As there is no rain during the summer months, the fallen trees become perfectly dry; a handful of lighted twigs is all that is required to set fire to them, when they blaze or smoulder until consumed. Owing to the absence of underbrush, forest fires are far less common than would be expected; but, of course, the soil is impoverished by the deprivation of its natural enrichment, the decaying wood, and the centuries to come will there, as well nigh everywhere in our country, point the finger of scorn at our spendthrift forestry.
Although this is the chief economic injury, the beauty of the woods is sadly marred; all large game is frightened away, except the bear, which is half human and half hog in his methods, and minds it not at all—in fact, finds the presence of man perfectly intelligible, and his fat flocks a substantial addition to his own bill of fare. Leonard pointed out to us a certain mountain shrub, a rank poison to sheep. Every cluster of it in his range is known to the herder, who keeps the sheep in his charge at a safe distance. This is one of his important duties; for, if a sheep eats of this plant, he is a "goner."

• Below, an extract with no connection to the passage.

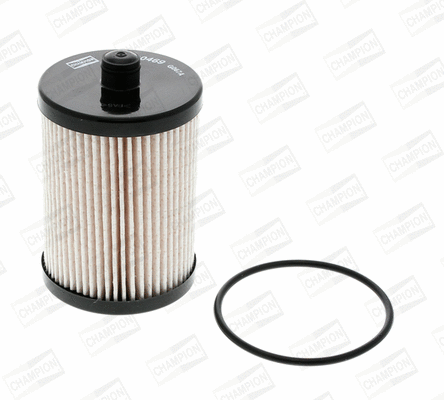 Fuel Filter (CFF100469)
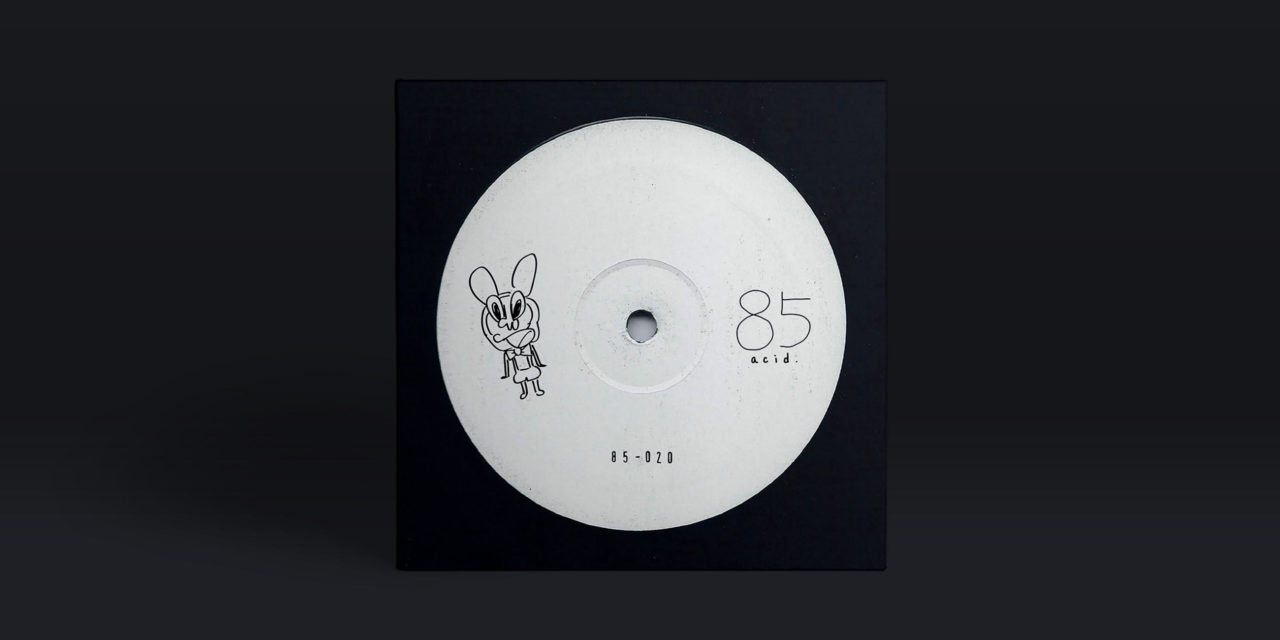 Naco – Tranjit (85acid)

In one particular the pasturage of the high Sierras has greatly suffered. The ranchmen naturally wish to get their sheep off the home range as early in the spring as possible—in fact, the last month there is one of starvation. The new crops have not yet grown, nothing remains standing of the old but a few dead stalks of weeds, the supply of alfalfa cut the year before has long since been exhausted, and, metaphorically speaking, the sheep and cattle have to dine, as the hungry Indian is said to do, by tightening his belt half a dozen holes and thinking of what he had to eat week before last. Only the weaklings die, however; the others become lean and restless, and as eager as their masters to start for the mountains. The journey supplies them with scant pickings, just enough to keep body and soul together, but morally it is a relief from the monotony of starvation at home, and they work their way stubbornly and expectantly up the mountains and into the forest as soon as the sun permits and anything has grown for them to eat. The consequence of this close grazing is that certain species of the grasses upon which they feed are never allowed to come to flower and mature their seed; hence those with a delicate root, the more strictly annual varieties, which rely upon seed for perpetuation of the plant, have a hard time of it. Where the sheep range, the wild timothy, for example—a dwarf variety and an excellent, sweet grass—has almost disappeared, although formerly it grew in abundance.

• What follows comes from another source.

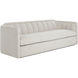 Birrit Dove Cream Sofa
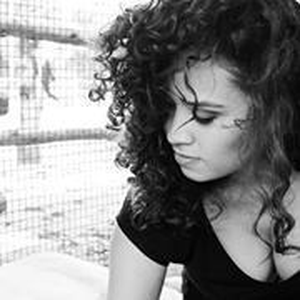 Foto de perfil de Michelle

The forest glades through which we passed had the appearance of a closely-cropped pasture, as different as possible from the profusion of tall grasses and beautiful flowering plants which grow in similar openings untroubled by sheep. So far as the grasses are concerned—or "grass," by which, I take it, is ordinarily designated the foliage of the plant—I doubt if it is molested to any great extent by deer. Their diet is mainly the tender leaves of plants—"weeds" to the unscientific person. The heads of wild oats and of a few of the grasses might prove sufficiently sweet and tempting to arrest their fancy; but as for grazing, as sheep or cattle do, it is not their habit. When deer shall have come to trudge up hill in the plodding gait of the domestic beasts, and shall have abandoned their present method of ascending by a series of splendid springing leaps and bounds, the very embodiment of vigor and of wild activity, time enough then for them to take to munching grass, the sustenance of the harmless, necessary cow. At present they are most fastidious in their food, and select only the choicest, tenderest tips and sweetest tufts of herbage, picking them here and there, wandering and meditating as they eat. I will not say that they never touch grass, for I have seen deer feeding among cattle in the open, but it is not by any means the chief article of their diet, and when they partake of it under such circumstances, it is more as a gratification of their social instincts, I think, than from any particular love of the food itself.